Recorded data: Begin
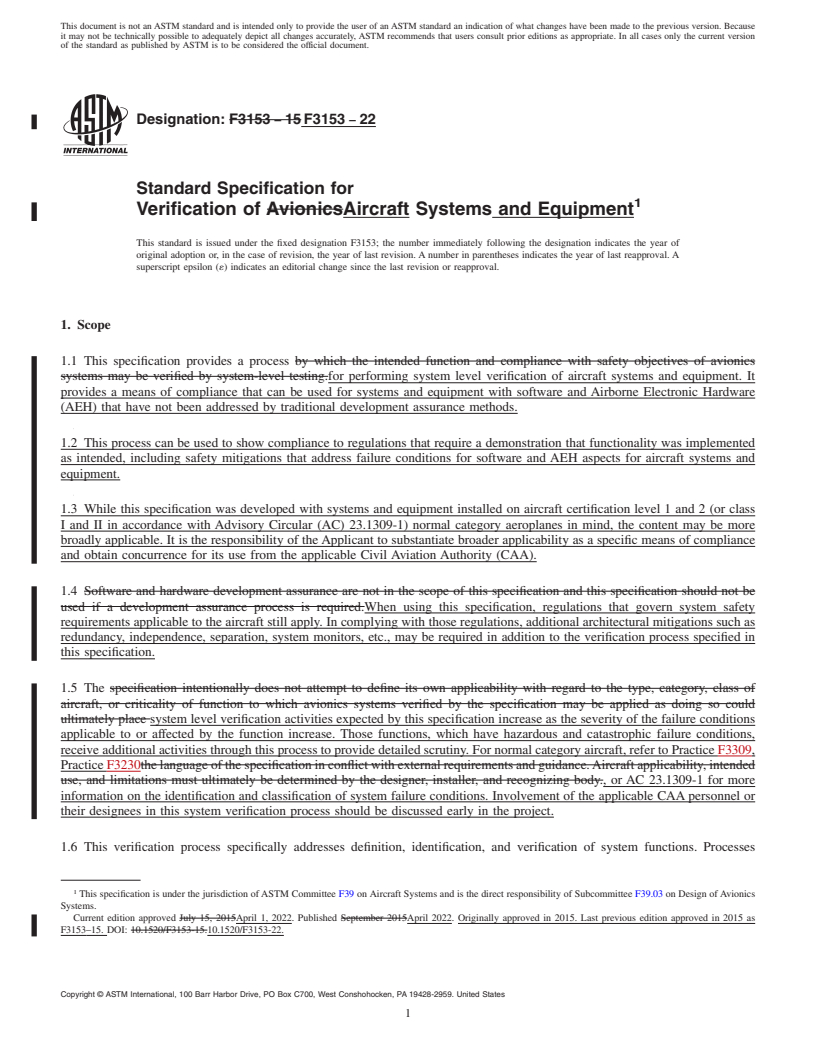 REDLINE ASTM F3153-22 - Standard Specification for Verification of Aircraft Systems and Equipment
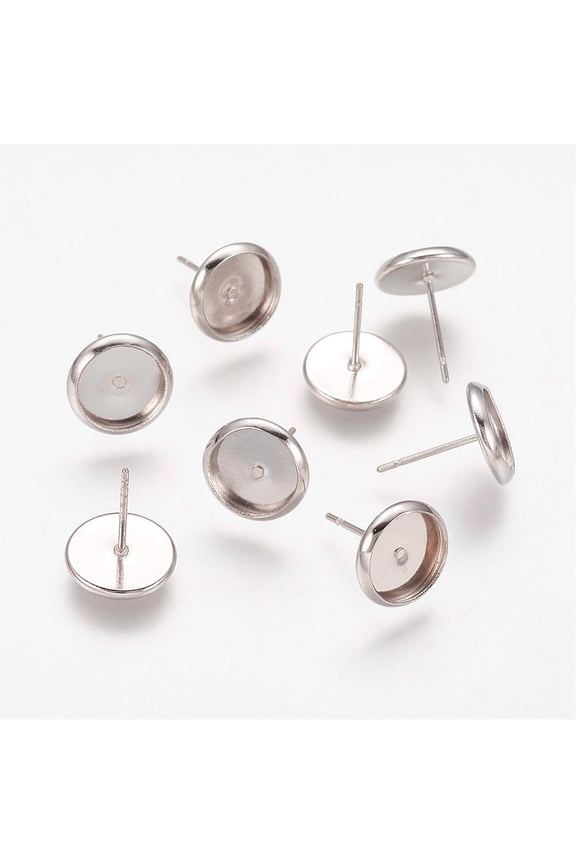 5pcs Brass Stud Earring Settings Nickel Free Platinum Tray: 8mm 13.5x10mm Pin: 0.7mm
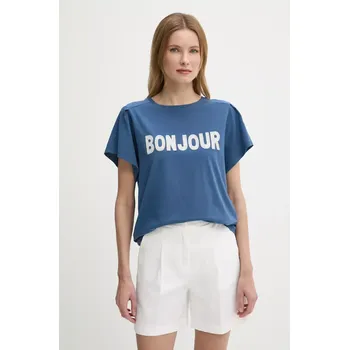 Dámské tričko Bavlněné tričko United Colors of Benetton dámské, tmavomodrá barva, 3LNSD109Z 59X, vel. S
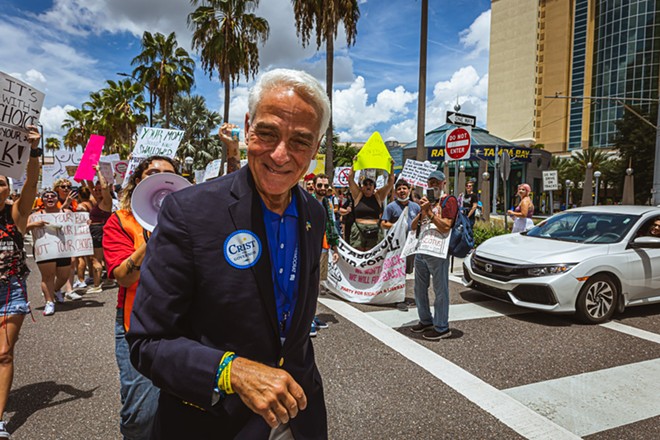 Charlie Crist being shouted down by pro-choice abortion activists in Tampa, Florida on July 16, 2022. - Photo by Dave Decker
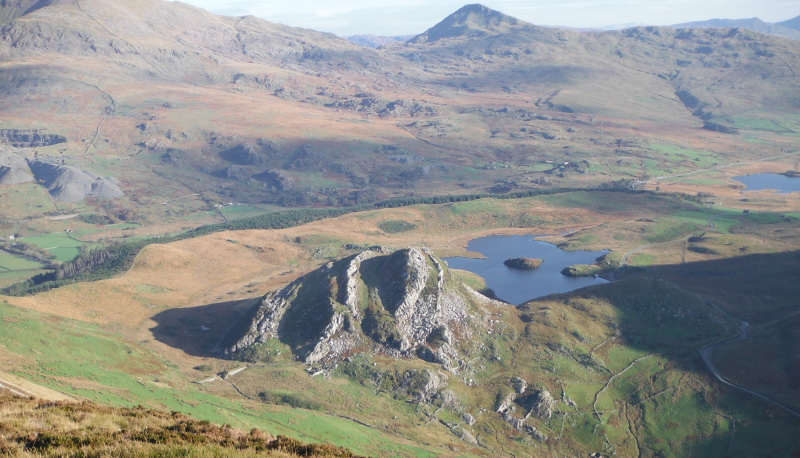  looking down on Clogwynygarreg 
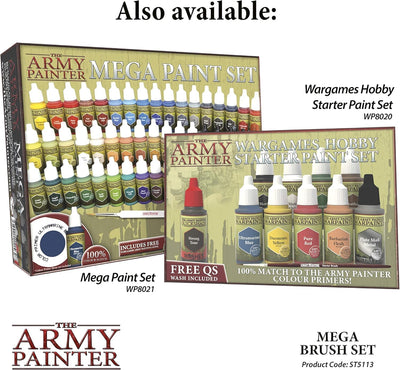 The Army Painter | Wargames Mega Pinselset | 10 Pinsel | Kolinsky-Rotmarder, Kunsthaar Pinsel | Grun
Recorded data: End
Exercise goal:
Repeat only the lines between the start of the data and the line with "looking down on Clogwynygarreg", including those two lines, and skip the pictures.

Output of the task:
 REDLINE ASTM F3153-22 - Standard Specification for Verification of Aircraft Systems and Equipment
 5pcs Brass Stud Earring Settings Nickel Free Platinum Tray: 8mm 13.5x10mm Pin: 0.7mm
 Dámské tričko Bavlněné tričko United Colors of Benetton dámské, tmavomodrá barva, 3LNSD109Z 59X, vel. S
 Charlie Crist being shouted down by pro-choice abortion activists in Tampa, Florida on July 16, 2022. - Photo by Dave Decker
  looking down on Clogwynygarreg 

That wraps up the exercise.